* All data are as of the close of Friday, December 5, 2014. Emphasis is on company fundamentals and financial data rather than commentary.
The Houseware & Accessories industry is composed of a mix of consumer staples companies, such as the largest company in the industry Clorox (NYSE:CLX), and of consumer discretionaries, including the second and third largest companies in the space, Newell Rubbermaid (NYSE:NWL) and Jarden (NYSE:JAH).
Investors considering these companies should note the diversity within their product lines, which causes them to perform notably differently despite belonging to the same industry.

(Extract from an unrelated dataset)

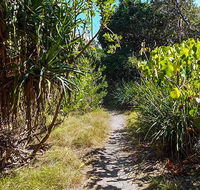 North Head walking track - Darwin Holiday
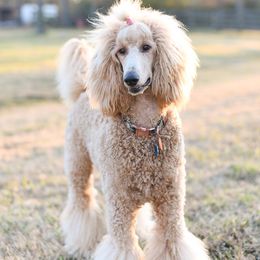 Savannah - Poodle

• The Clorox Company, headquartered in Oakland, California, manufactures and markets consumer and professional products, including bleach and stain removers, cleaning products for floors, kitchens and bathrooms, trash bags, cat litter and cooking charcoal. Other product lines include sauces and salad dressings, as well as water filtration systems.
• Newell Rubbermaid Inc., headquartered in Atlanta, Georgia, manufactures a broad range of products including stationary items such as writing instruments, markers, pens and pencils, as well as office equipment for labeling and postage. It also markets bake-ware, cutlery and other kitchen utensils, as well as personal care items including hair-care products. Additionally, it offers hand and power tools, as well as industrial saws and tools, along with strollers, highchairs, car seats, and other products for infants.
• Jarden Corp., headquartered in Boca Raton, Florida, offers household kitchen appliances such as blenders, coffeemakers, irons, mixers, slow cookers, kettles, toasters and others, in addition to home environmental products such as air filters, fans, heaters and humidifiers. Its personal care products include fragrances, hair clippers and trimmers. It also markets outdoor products including sporting equipment such as skis, snowboards, and fishing equipment, as well as outdoor apparel.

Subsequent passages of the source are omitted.